The sitemap consists of an XML file that lists all the URLs of the site that you want to compete in organic search, which is, simply put, all pages you want search engines to see.
This XML file also contains ancillary information, such as when a page has been updated, its update frequency, and relative importance.
Google recommends creating separate sitemaps for different types of content; images, videos, and text, for example.
It is also important to update them each time new content is published with a multi-format XML sitemap, image, or video XML sitemap. This is typically automated using the CMS the website runs on.
It is important to update the sitemap only with the original, canonical versions of the URLs. They should not redirect or return errors. In other words, every page in the sitemap should return a ‘200’ status code.
Anything other than a ‘200’ status code is regarded by the search engines as “dirt” in a sitemap. Duane Forrester of Bing said that the Microsoft search engine only tolerates a 1% of dirt in a sitemap. When asked what qualified as dirt, he replied, “Anything that doesn’t return a 200 status code.”
Finally, you should upload these sitemaps to Google and Bing’s Webmaster Tools. Google will tell you how many of the submitted URLs have been submitted and how many of those have been indexed, whereas Bing just tells you how many URLs were submitted.
HTML linking
The way in which search engines crawl has been the same; they crawl through the HTML code of a website and branch out to the links within these pages, thus enabling them to crawl the internet.

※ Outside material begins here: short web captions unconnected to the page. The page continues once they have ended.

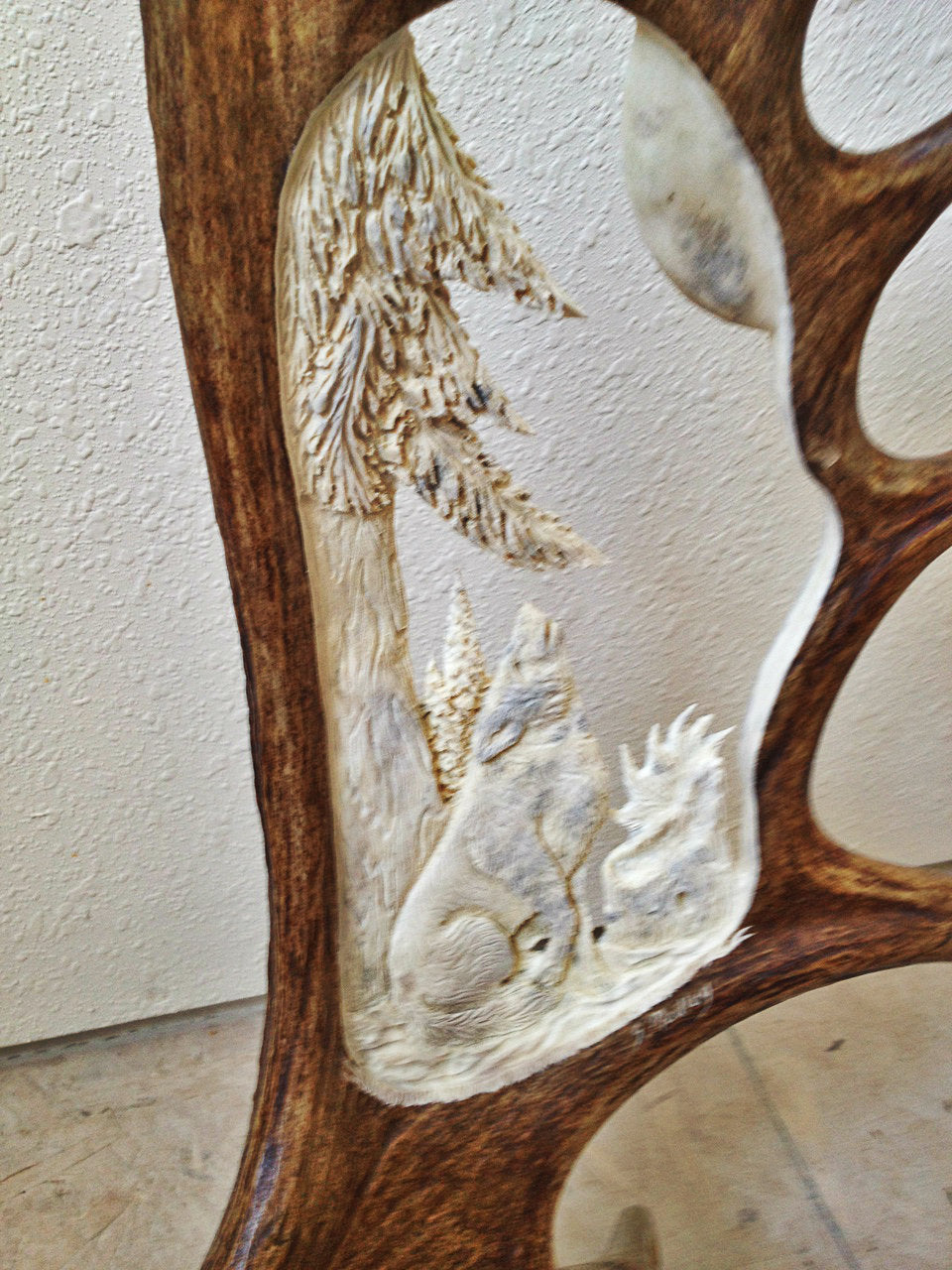 Wolf Midnights Voice Moose Antler Carving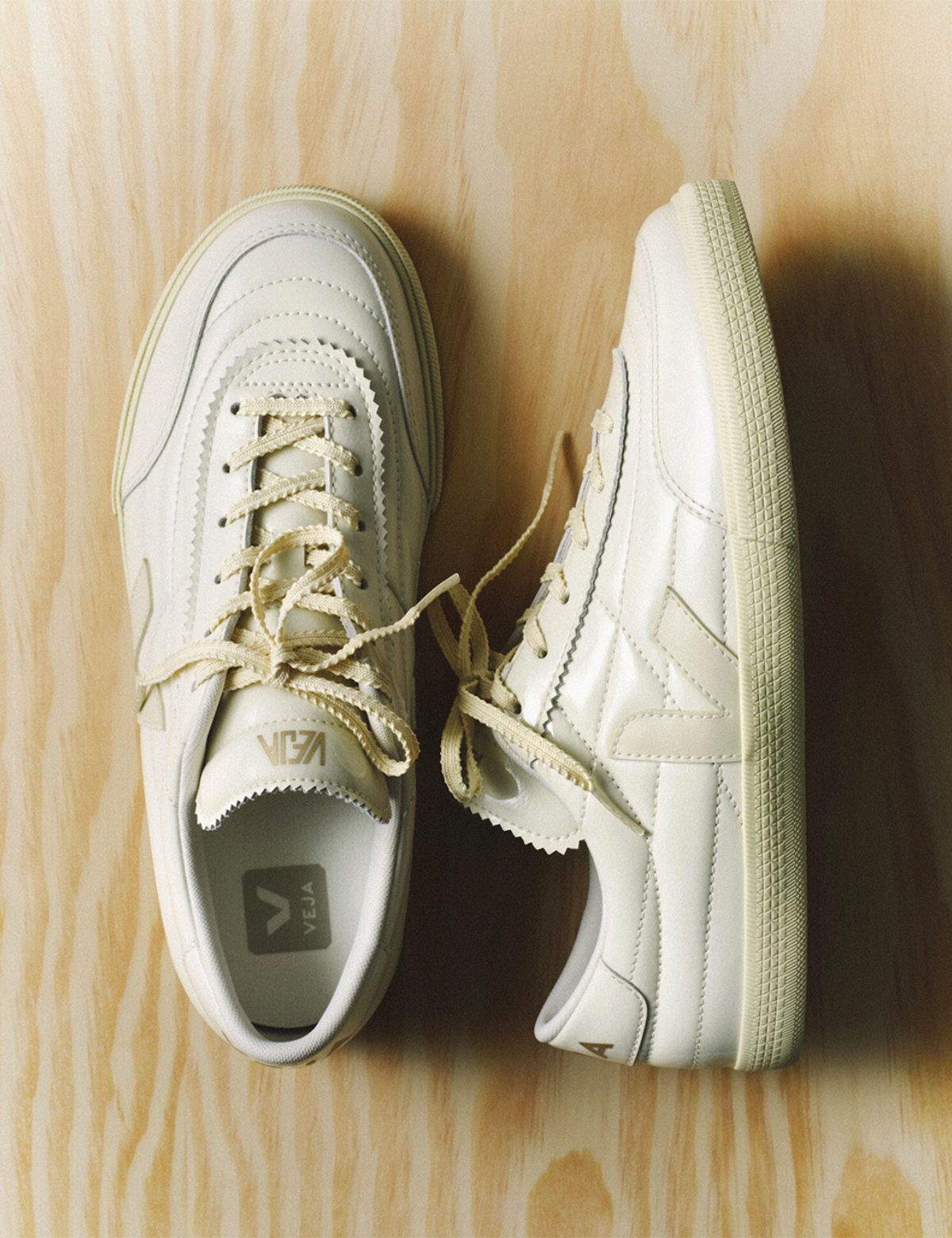 Zapatilla Veja Paneka Patent Leather Off-White Natural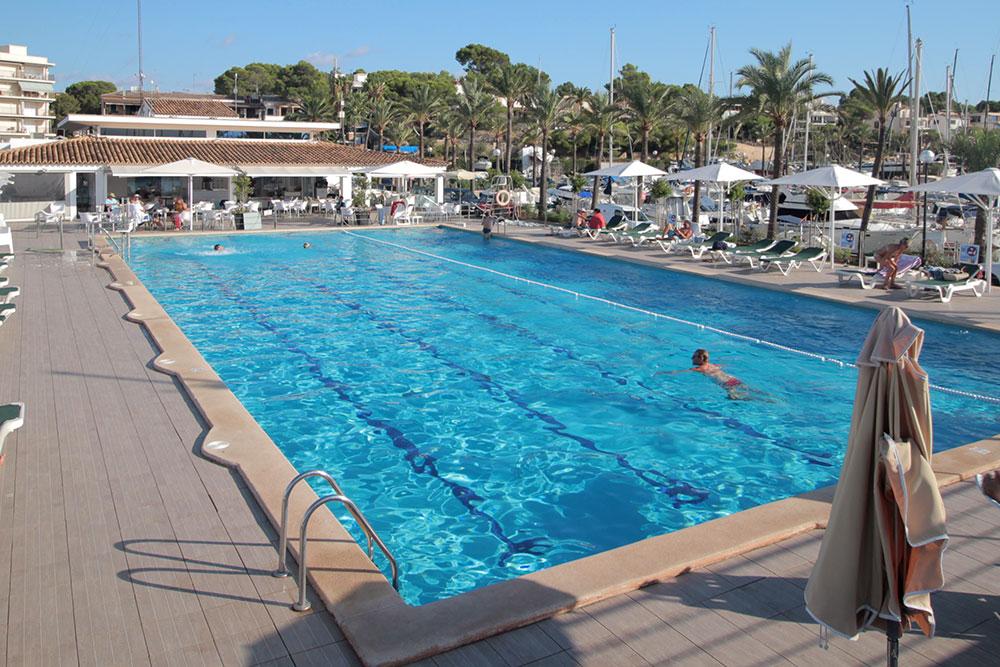 Bavaria Cruiser 46 - 4 cab. - Casino Royale, picture 3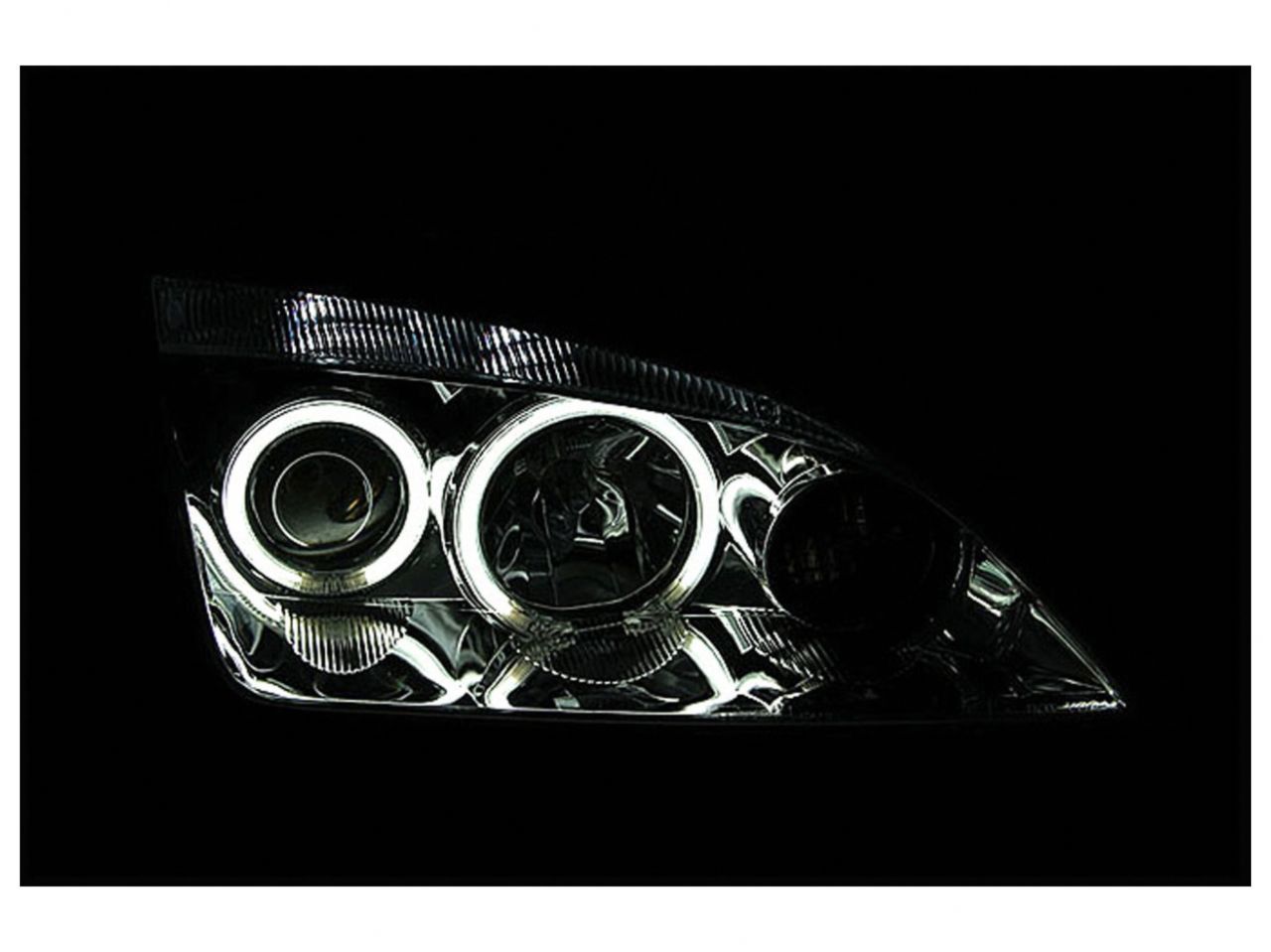 Anzo 2005-2007 Ford Focus Projector Headlights w/ Halo Chrome (CCFL)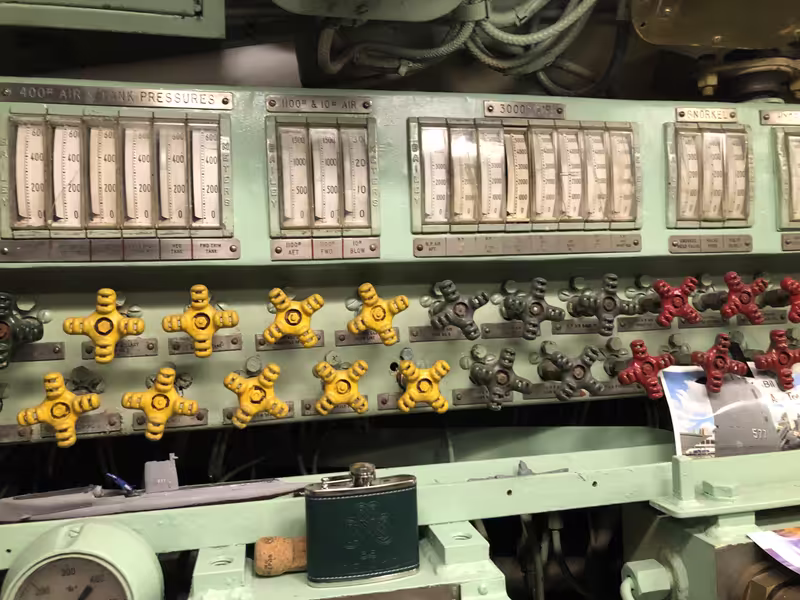 60-control-room-14.avif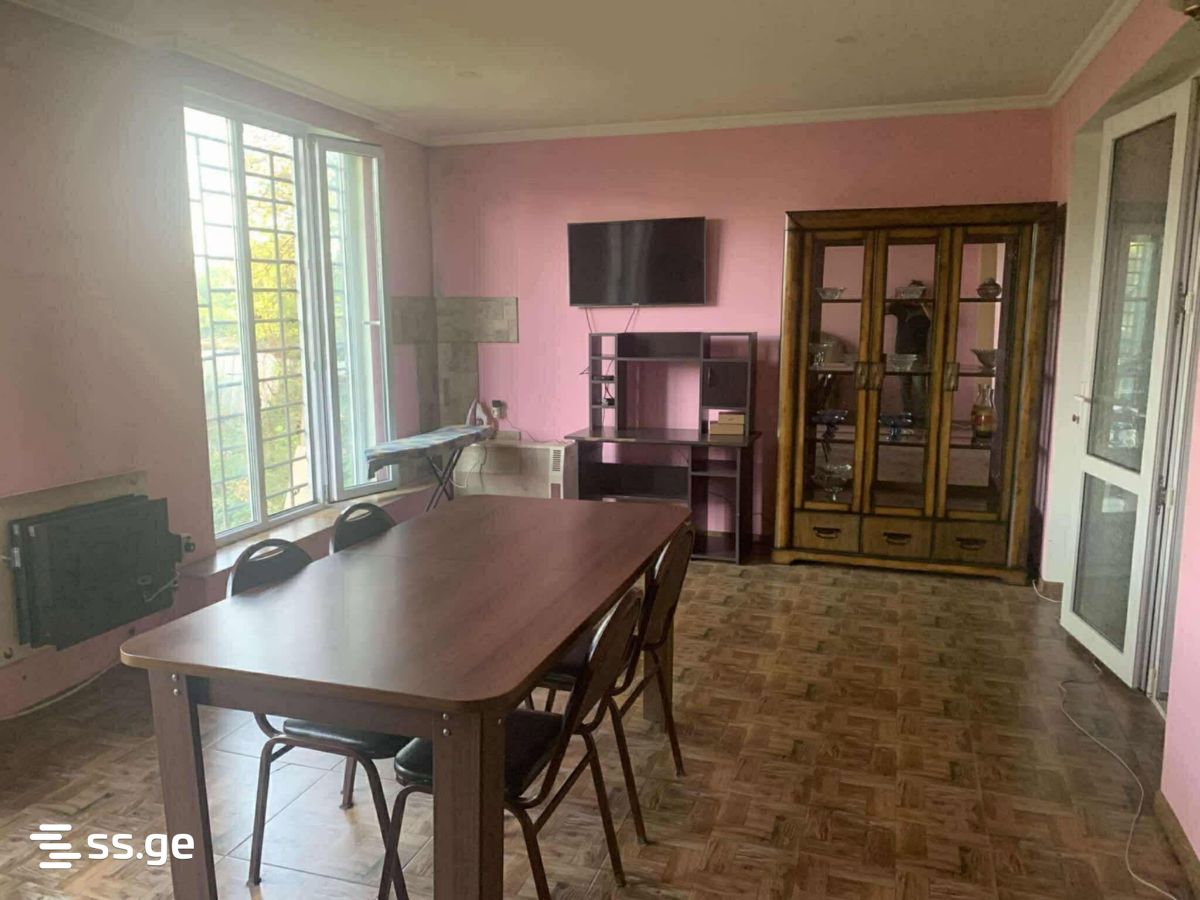 3 Room Flat For Sale, 1 of 4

For websites to be crawlable, they must have links to each of their webpages within the HTML. This is widely done today, with many websites linking to their content in a main navigation header, and within the body of these pages.
This means that links should not be served in technologies such as JavaScript or, even worse, Flash.
HTML sitemaps
An HTML sitemap lists the URLs for a website, like an XML sitemap, but is simply delivered in an HTML file instead. HTML sitemaps tend to contain fewer URLs than an XML sitemap, only containing the important URLs, or landing pages, of a website.
HTML sitemaps are usually linked to in the footer of a website and are very useful to Bingbot (Bing’s crawler), and make a nice addition on UX.
GSC Error Reporting
Google Search Console has a lot of in-depth features which all are highly useful to webmasters to ensure that their website is okay for Google to crawl.
Monitoring these is a good way of keeping your site in check, for if Google flags something, it’s probably a wise choice to check and fix it.
Crawlable JS
Google is the filing system, equipped with a Chrome 41 engine, and this is a good introduction as to how it works by Google themselves:
For the most part, the only major search engine which can execute (simple) JavaScript is Google.
It crawls JavaScript as it runs across it within the HTML. As Google crawls webpages, it will execute JavaScript as soon as it sees it, much like the browser.
It is important to ensure that the JavaScript does not break the webpage and is not too complex or demanding for Google to crawl.
JavaScript can be inserted as an external script or be placed inline with the HTML document. This, however, is not suggested as Google struggles more with inline JS, especially when it grows.
Server Uptime
This is not an issue to most websites, however, is still something to be conscious of.
To Google, a website must always be readily available 24/7 for itself and users. Google crawls websites a lot, every day, and thus expects to be able to crawl content when it wants to.
When you suffer from downtime or are under maintenance, you’re taking away Google’s ability to crawl website content, which can affect SEO (depending on how long the downtime lasts).
Websites must have a good webhost to ensure that this does not happen.